In fact, I’m a little worried about that repo going stale. Since we will have to support these modules for bugfixes for 18 months after they are removed – due to supporting e.g. Python 3.9 if they are removed in Python 3.10 – and then another 3.5 years for security fixes, the code in the CPython 3.9 branch will be the most up-to-date version from the Python core team (unless we are extra diligent in copying code over ASAP to the legacylib repo, but then if we’re just blindly copying what’s the benefit?). Now if people fork the code and start maintaining their own versions then that’s great and they will have their own versions, but once again that makes the proposed legacylib repo not that helpful as people will copy from it once and never look at the repo again.

3 Likes

Interesting proposal!

This might be very nitpicky, but there doesn’t seem to be a “PEP 3818” - did you mean “PEP 3108”, which has the title you mentioned (“Standard Library Reorganization”)?

Thanks!

There’s a lot of sense in this proposal, but the proposal to remove of the chunk module seems inconsistent: it is used by the wave module which is intended to be kept (and also by the aifc module being discussed above).

If wave is to be kept, chunk should also be kept since the code will still be needed (wherever it is located) and so will still have to be maintained, and at that point breaking code by removing it seems pointless.

More generally, although IFF may be no longer relevant, many other file formats do use this basic chunk format and can be parsed by the chunk module (eg. PNG, WebP, AVI, and a number of Windows RIFF-based formats). While serious usage of these formats would wrap a C library, tools that extract metadata about these formats (eg. the size of a PNG image) can be easily written on top of chunk and so the module may have independent value.

Removal isn’t pointless when viewed from the point of maintenance. If chunk is made private then we can break the API at any point based on our needs. But if chunk is kept public then we have to maintain backwards-compatibility, keep the docs in good order, etc. which doesn’t come for free.

1 Like

This PEP is interesting.

This might be slightly off-topic, but still I want to drop my ideas. I’m mainly developing rustpython, and we face a lot of work with the standard library. It mainly involves copy pasting python files from cpython, which is lame and error prone. I like the idea of a repository legacylibs which can be shared over python implementations. Even better would be a split of the standard library into several parts. Say, a pure python part which can be bundled with python implementation during the creation of a x-Python release (for x in [java, rust, c#, c, javascript]). So we would have several layers of repositories: cpython , python-std-libs, python-legacy-libs. All of them combined give the full python experience. But one can also stack them like this: rustpython, python-std-libs, python-legacy-libs.

All in all, I would like to say that pip is pretty good, the packaging situation in python is still a bit weird (pip, conda, flit, poetry, setuptools, distutils, eggs?), and being able to install python alone and run scripts is really powerful.

Further adding to this point, the justification of keeping a module around solely as a dependency seems like it could easily create a rather vicious cycle of indefinite backwards compatibility. Turning it into a private module seems like the smoothest first step after deprecation, but it’s also important to ensure that it’s removed entirely after a reasonable period of time. It’s important for the standard library to not have too many cobwebs. Even if it’s at a significantly reduced cost, private modules still incur a maintenance fee.

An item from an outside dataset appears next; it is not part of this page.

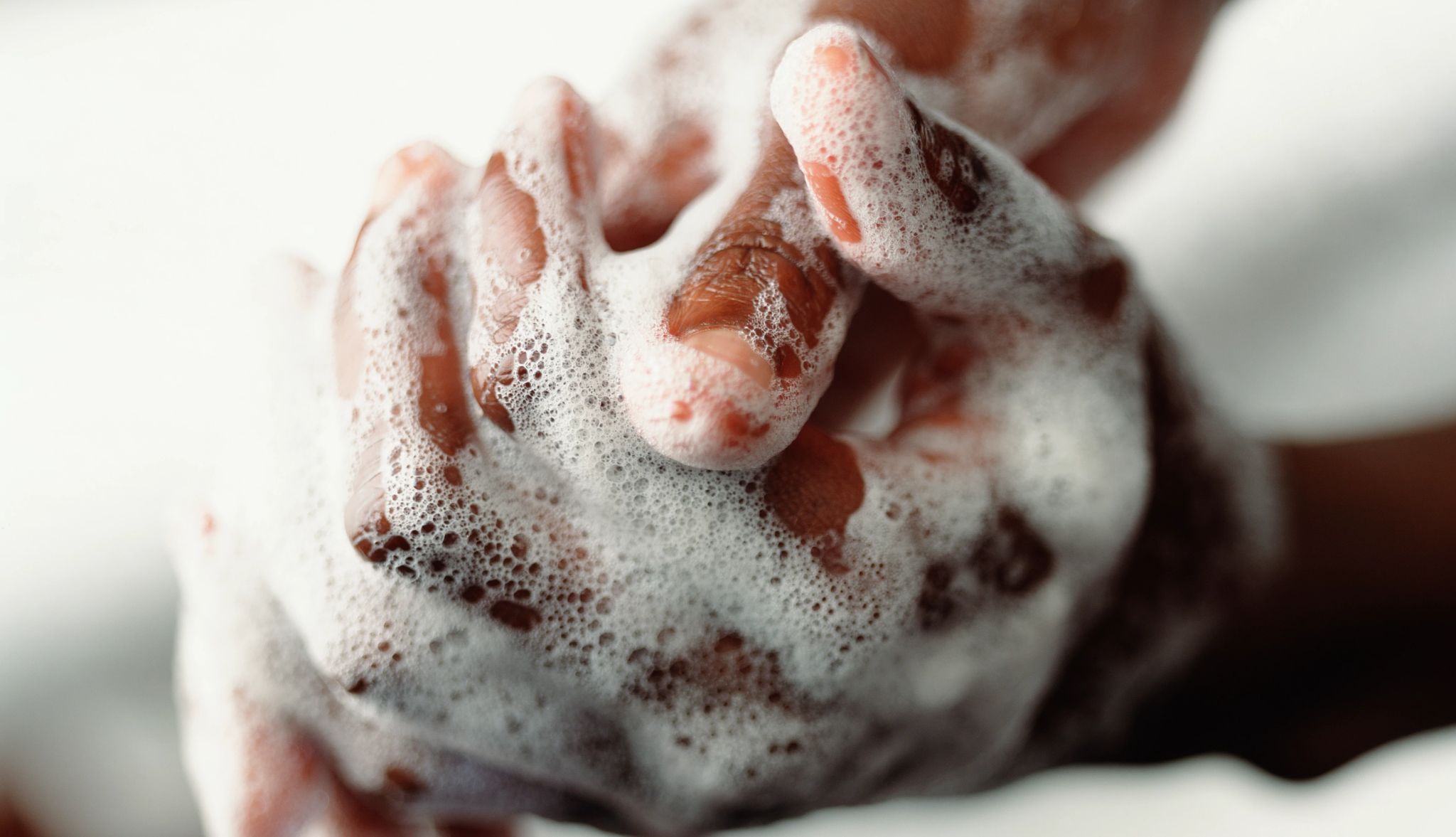 Food Safety Guide washing hands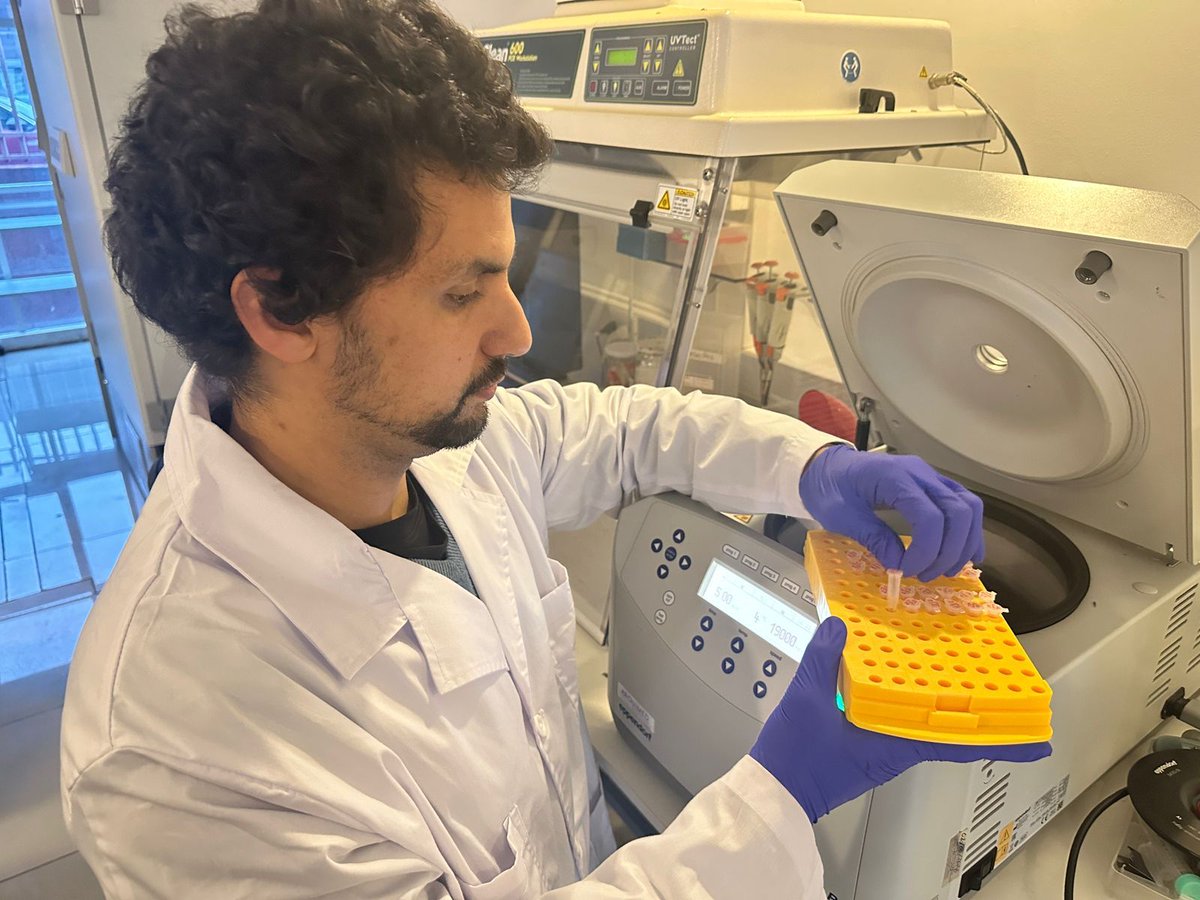 CIBumayor's tweet image. 👨🔬👨🔬Leonardo Rodríguez, estudiante de doctorado de la UMayor, realiza una pasantía en MELISA Institute como parte de su investigación sobre esclerosis lateral amiotrófica (ELA).
Todo esto como parte del convenio de la @umayor_ con @MELISAInstitute 👏👏
@InvestigaUMayor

Edit: If the functionality of chunk was still required, would it be incorporated privately into wave, or remain as an entirely separate module that is made private?

From the stdlib’s perspective that’s a technical detail, so who knows until actual work is done.

I just wanted to add about AIFF that it is still the de-facto Mac standard for holding PCM audio in the music production and editing world, e.g. all the major DAWs use AIFF on Macs to import and export uncompressed audio etc.